# Exercise objective:
Please return every record exactly as it appears.

(Data in this exercise begins)

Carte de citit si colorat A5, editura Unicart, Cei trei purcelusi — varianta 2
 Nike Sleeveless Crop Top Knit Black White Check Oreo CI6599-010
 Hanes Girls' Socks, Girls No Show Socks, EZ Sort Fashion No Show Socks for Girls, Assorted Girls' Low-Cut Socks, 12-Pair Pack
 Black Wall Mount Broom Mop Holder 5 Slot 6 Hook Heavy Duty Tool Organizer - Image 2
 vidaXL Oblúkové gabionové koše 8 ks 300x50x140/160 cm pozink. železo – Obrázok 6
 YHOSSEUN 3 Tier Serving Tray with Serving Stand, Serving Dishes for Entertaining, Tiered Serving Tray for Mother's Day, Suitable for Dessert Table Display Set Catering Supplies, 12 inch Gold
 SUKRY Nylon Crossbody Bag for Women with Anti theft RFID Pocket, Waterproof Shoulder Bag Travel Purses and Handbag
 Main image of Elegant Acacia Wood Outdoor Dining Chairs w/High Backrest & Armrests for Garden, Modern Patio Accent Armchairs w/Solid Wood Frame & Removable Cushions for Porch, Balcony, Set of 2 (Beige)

(Data in this exercise ends)

# Answer section:
Carte de citit si colorat A5, editura Unicart, Cei trei purcelusi — varianta 2
 Nike Sleeveless Crop Top Knit Black White Check Oreo CI6599-010
 Hanes Girls' Socks, Girls No Show Socks, EZ Sort Fashion No Show Socks for Girls, Assorted Girls' Low-Cut Socks, 12-Pair Pack
 Black Wall Mount Broom Mop Holder 5 Slot 6 Hook Heavy Duty Tool Organizer - Image 2
 vidaXL Oblúkové gabionové koše 8 ks 300x50x140/160 cm pozink. železo – Obrázok 6
 YHOSSEUN 3 Tier Serving Tray with Serving Stand, Serving Dishes for Entertaining, Tiered Serving Tray for Mother's Day, Suitable for Dessert Table Display Set Catering Supplies, 12 inch Gold
 SUKRY Nylon Crossbody Bag for Women with Anti theft RFID Pocket, Waterproof Shoulder Bag Travel Purses and Handbag
 Main image of Elegant Acacia Wood Outdoor Dining Chairs w/High Backrest & Armrests for Garden, Modern Patio Accent Armchairs w/Solid Wood Frame & Removable Cushions for Porch, Balcony, Set of 2 (Beige)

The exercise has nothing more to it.